1. Superlative language. Characteristically, the Premier and his energy minister used superlatives to praise their own memorandum of understanding.
Words like "tremendous", "historic" and "off the chart" were flowing easier than API 70 oil.
As a general rule, use of over-the-top language is an indicator of an insecurity in the announcement itself or an effort to offset some deficiencies. Hyperbole is a Danny Williams trademark.
2. What Danny originally asked for
Two of the three, depending on which April one considers.
- April 2005. [ram audio file] Better royalties, secondary processing i.e. a refinery, and better research and development funding.
- April 2006. Super-royalties, an "equity" stake, and better local benefits.
3. Equity. Total estimated cost: $360 to $660 million. 4.9%, costing $110 million plus an estimated $250 million of construction costs. The Premier also predicted an additional set of costs of some $2.0 to $6.0 billion over the 25 year life of the project; that would translate into additional costs from the equity position of $300 million.
Those costs must be recovered before the equity position yields any cash as net benefit to the provincial treasury.
Beyond that the province's energy company - that still exists only on paper - now holds a series of undisclosed risks and liabilities.
4. Larger field. The earlier negotiations involved only the Hebron field and its approximately 500 million barrels of heavy, sour crude. This project adds about 200 million barrels of light sweet crude in the Ben Nevis structure.
Ordinarily, this would add additional cash value to the project, but as noted below, the total projected revenue is not significantly better than that estimated for the earlier negotiation.
5. Tier 3 Royalties. Super-royalties that deliver a percentage based on oil above a certain dollar price? Not exactly.
What turned up in the news conference looks more like the Hibernia royalty regime.
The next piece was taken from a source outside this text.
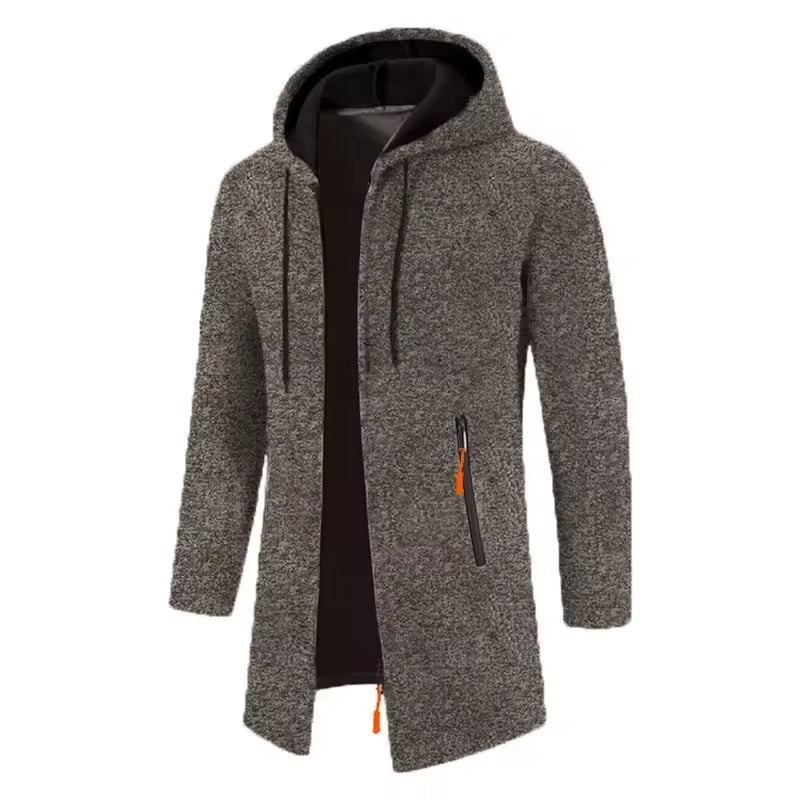 Winter Reißverschluss Hoodie für Männer | Wärme und Stil für winterliche Tage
From the official backgrounder:
The new super royalty for the province is an additional 6.5 per cent of net revenue at higher oil prices (>US$50 WTI/bbl) after net royalty payout;From the Hibernia royalty regime:
The Net Royalty consists of a two tier profit sensitive royalty which becomes effective when Net Royalty Payout occurs.Net royalty payout is "point in time when the costs related to a particular project are recovered plus a specified return allowance on those costs." A similar concept exists in the province's basic offshore royalty regime.
• Tier 1
The Tier 1 Net Royalty is 30% of Net Revenue after a Return Allowance of 15% is achieved. Basic Royalty is a credit against this royalty. Therefore, the interest holders pay the higher of Basic Royalty or Tier 1 Net Royalty.
• Tier 2
The Tier 2 Net Royalty is 12.5% of Net Revenue after a Return Allowance of 18% plus the CPI is achieved. The Tier 2 Net Royalty is in addition to any other royalties payable.
In all likelihood, the triggers to attain Tier Three royalties are such that they will not be achieved on Hebron until after other royalties have been triggered. There is no way to be certain since the language in the backgrounder is too vague to determine how the new Tier Three royalty relates to the rest of the royalty regime used for the Hebron negotiation.
One thing is certain: Tier Three royalties are only available after the project achieves simple payout. That means the possibility of collecting the additional revenue is contingent on the price of oil being above US$50 per barrel from the mid 2020s onward.
6. Other royalty regime changes. The provincial government's so-called generic royalty regime for offshore projects was developed in 1996. It clearly establishes the minimum royalty to be paid to the provincial government is 1% of gross revenue and increases progressively to 7.5% until simple payout occurs.
The backgrounder for the Hebron MOU refers to a change to royalty regime to "[p]rovide downside royalty protection by keeping the basic royalty rate at one per cent of gross revenue until project costs are recovered (i.e. simple payout)."
There is nothing in the provincial documentation to indicate why it would be necessary to introduce this new concept except that the progressive increase in the basic royalty rate is being eliminated.
As such, provincial government royalties will be a mere 1% until such time as the project achieves simple payout.
7. Revenues. The news release today provide a revenue estimate for the province of $16 billion over the 25 year lifespan of the Hebron project.
On the face of it, this figure appears to be nothing more than an adjustment to figures used by MUN economist Dr. Wade Locke that projected up to $10 billion, based on an assumed oil price of US$50 per barrel. Bond Papers noted this possibility in a pre-announcement post.
However, Locke did not anticipate a change to the basic royalty regime that reduces royalties to 1% during the entire pre-payout period.
There is also no indication from the Premier on the revenue flow anticipated from the equity position, thus, with the new lower royalty regime, this $16 billion is highly suspicious.
8. Research and Development. The commitment for $120 million over the 25 year lifespan of the project appears to be below the current standard set by the offshore regulatory board.
9. Timelines. The project may begin construction in 2010. This assumes that the complex negotiations for the development agreement are concluded successfully and quickly and that the development application to the offshore board is approved expeditiously.